The problem>
Give an unaltered copy of the listing below, minus its pictures.

--- Information supplied ---

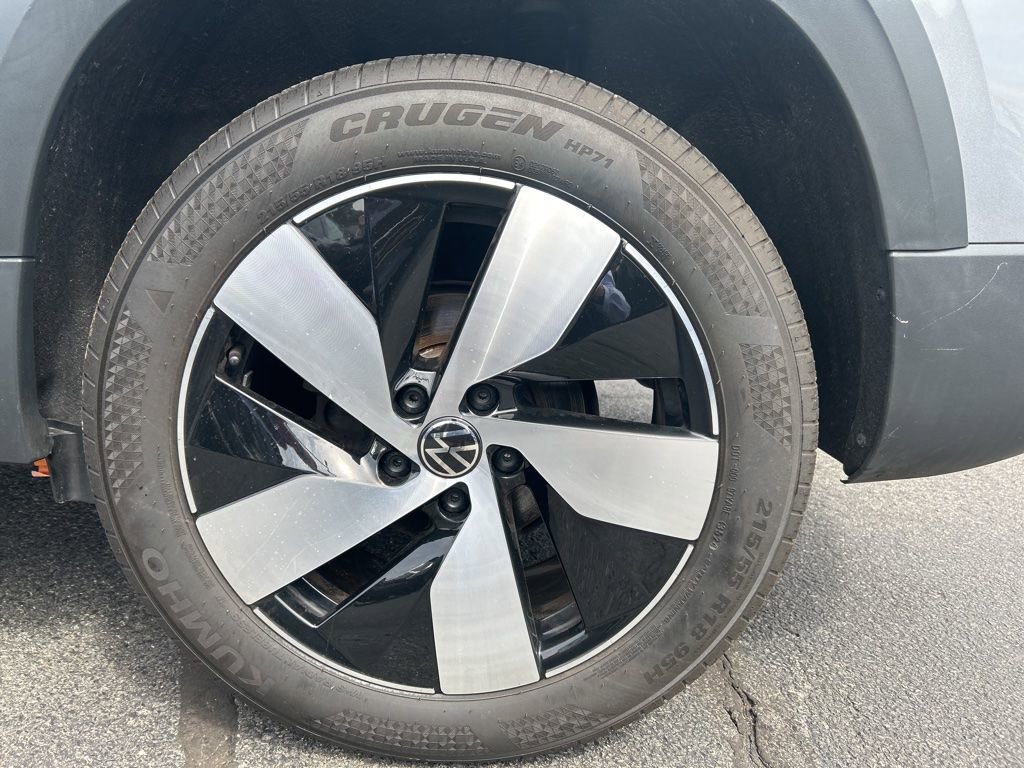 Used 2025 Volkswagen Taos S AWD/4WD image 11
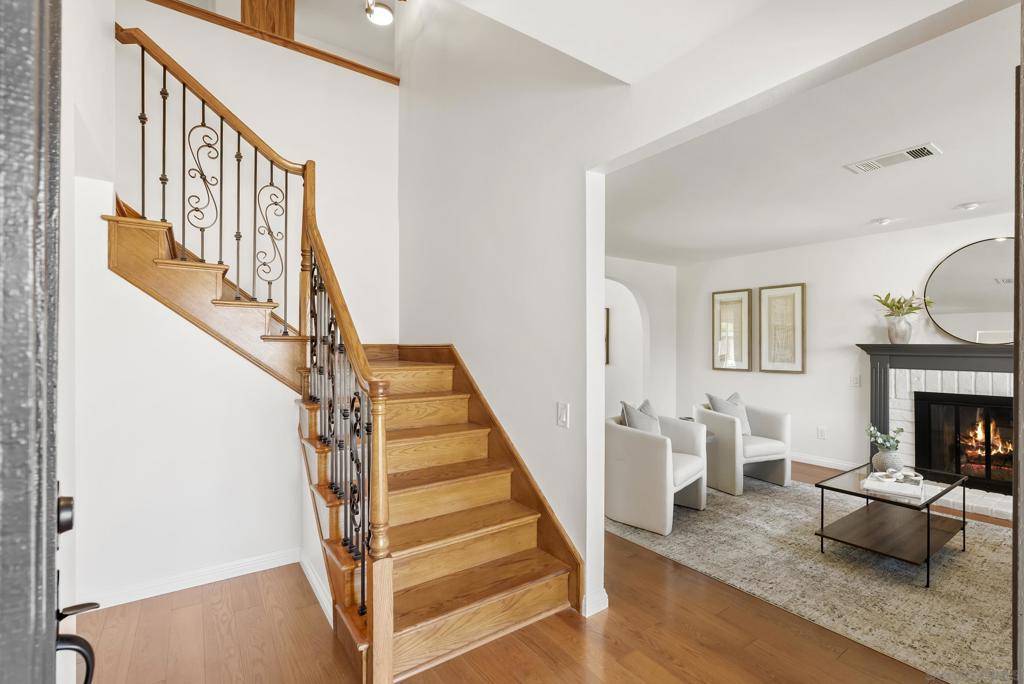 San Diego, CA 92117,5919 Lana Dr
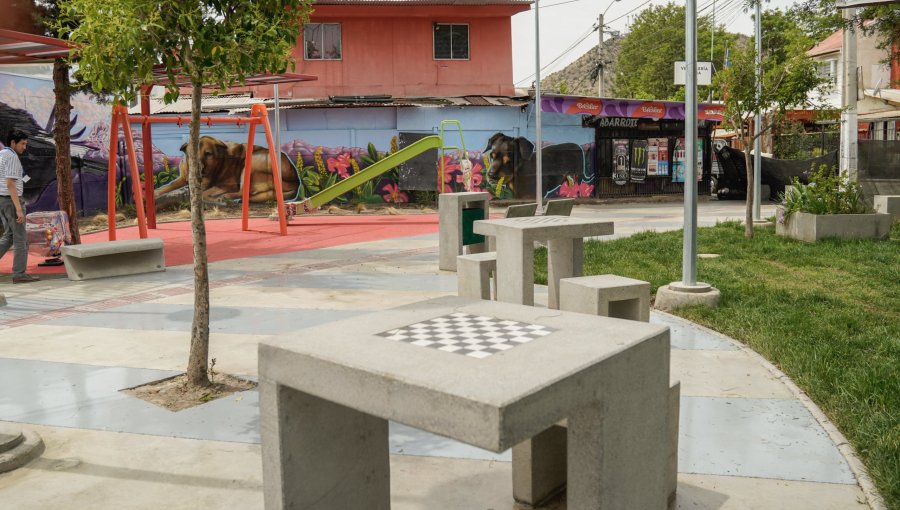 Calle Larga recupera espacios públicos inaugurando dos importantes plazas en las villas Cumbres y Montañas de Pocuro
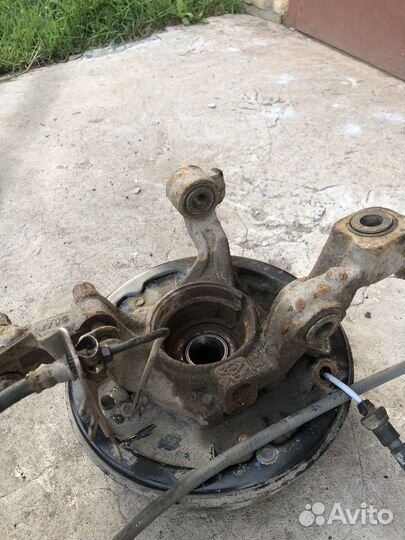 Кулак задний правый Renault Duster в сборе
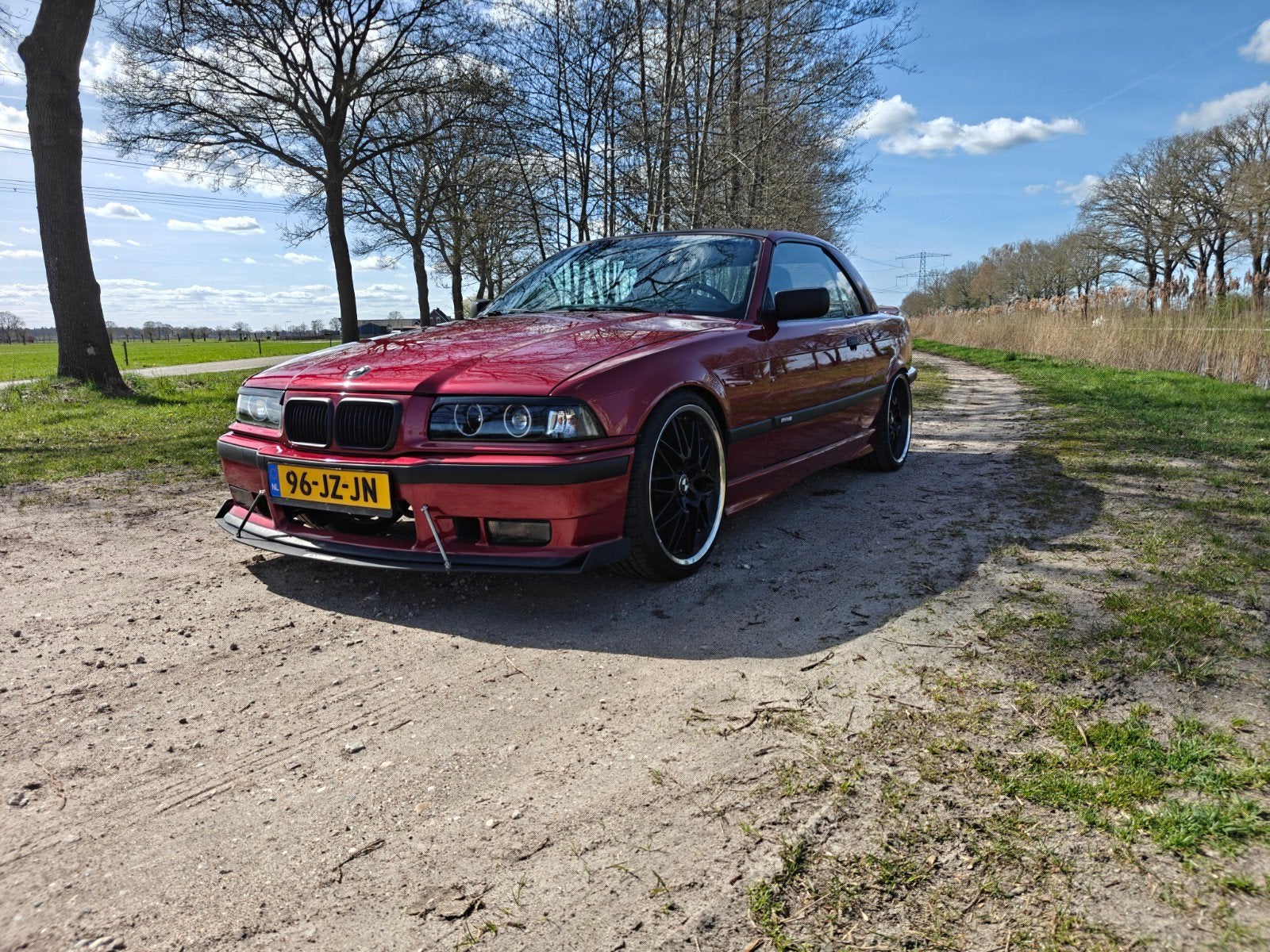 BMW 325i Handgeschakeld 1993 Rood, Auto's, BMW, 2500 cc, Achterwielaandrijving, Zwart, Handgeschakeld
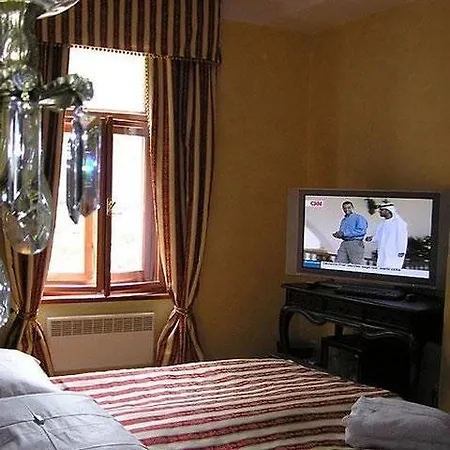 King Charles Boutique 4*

---

Task solution>
 Used 2025 Volkswagen Taos S AWD/4WD image 11
 San Diego, CA 92117,5919 Lana Dr
 Calle Larga recupera espacios públicos inaugurando dos importantes plazas en las villas Cumbres y Montañas de Pocuro
 Кулак задний правый Renault Duster в сборе
 BMW 325i Handgeschakeld 1993 Rood, Auto's, BMW, 2500 cc, Achterwielaandrijving, Zwart, Handgeschakeld
 King Charles Boutique 4*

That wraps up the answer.